Cranberries (but not cranberry sauce) were probably eaten at the first Thanksgiving
A lot of things must have been different about that first Thanksgiving. The menu included not just turkey but waterfowl and venison. Corn was almost certainly present as wash shellfish; remember, these were Wampanoag Native Americans of the coastal Massachusetts area. It seems a pretty safe bet lobster was also part of the meal. Cranberry sauce almost certainly wasn't, though; it requires a ton of sugar to make, and sugar was not readily available then.
However, it's entirely possible they ate cranberries — just not in the form of cranberry sauce. Pemmican is a classic Native American dish made from dried meat and cranberries; it's basically an indigenous energy bar. So it's likely pemmican (and thus cranberries) was present — though it's worth noting there are no definitive records that corroborate this.
So that explains how cranberries became involved in the Thanksgiving meal. But how did cranberry sauce become part of it?

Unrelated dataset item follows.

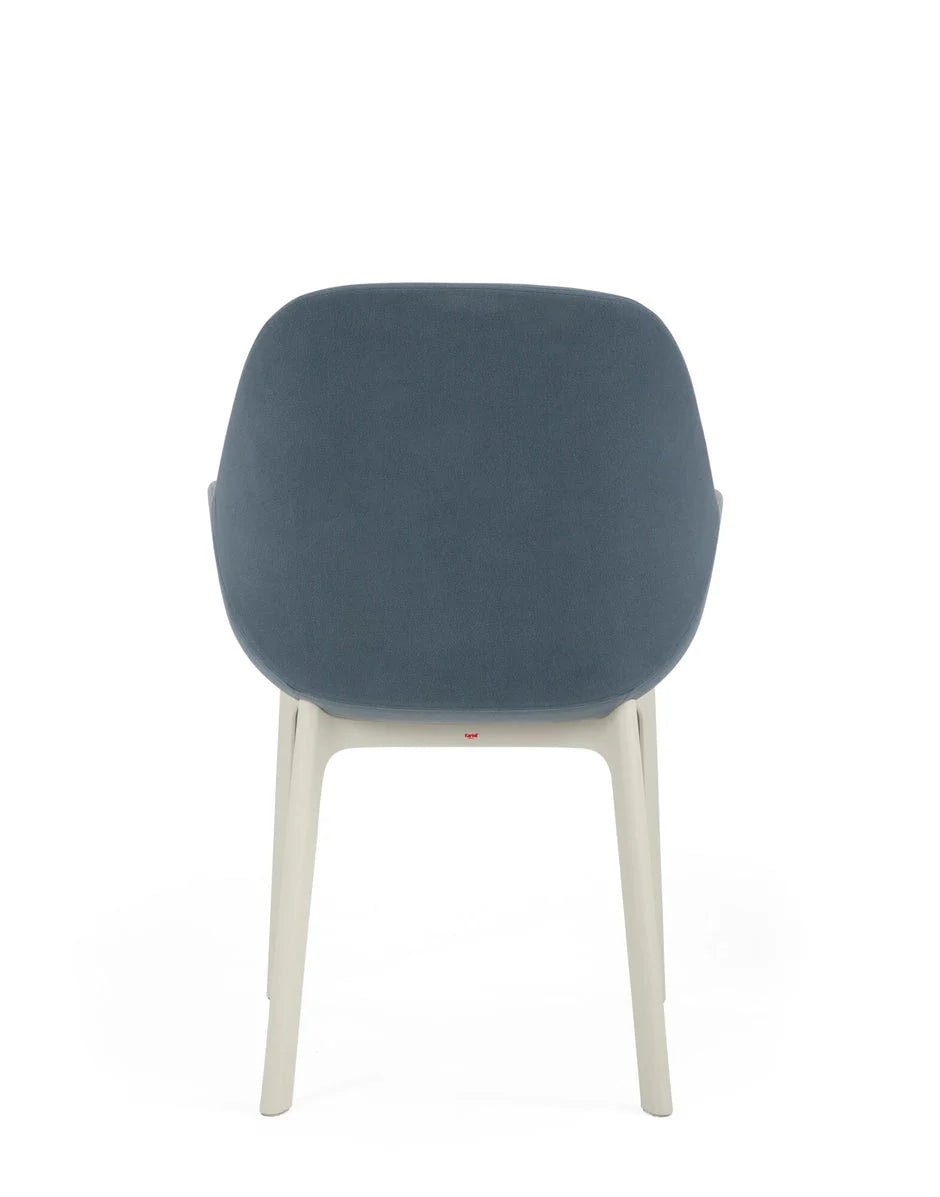 [product_category]-Kartell Clap Aquaclean Armchair, White/Dust-Kartell-8058967312942-04187B5-KAR-4
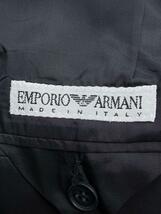 EMPORIO ARMANI◆セットアップ/44/ウール/BLK_画像3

Cranberry sauce was associated with Thanksgiving by the 19th century
In all likelihood, the answer is that once it was available, Europeans probably just took to cranberry sauce more than something like pemmican. Though canned cranberry sauce didn't come into existence until 1912 due to an Ocean Spray business venture, modern cranberry sauce definitely existed before then. The earliest recipes resembling cranberry sauce (stewing berries in water and sugar) date to the 1630s. However, it wasn't until the release of Amelia Simmons' cookbook "American Cookery" in 1796 that the first official recipe for cranberry sauce appeared on a page.
Things get a little murky from here, but we know cranberries were long considered an integral part of the Thanksgiving meal; that's not just a modern thing. In 1864, General Ulysses S. Grant ordered cranberries to be part of soldiers' Thanksgiving meal. It seems unlikely he simply invented that out of whole cloth, so the far better explanation is he was responding to an already-established trend.
However cranberries and cranberry sauce were first introduced to the Thanksgiving meal, they couldn't have taken long to become mandatory. Whoever is originally responsible, we owe them a debt of gratitude.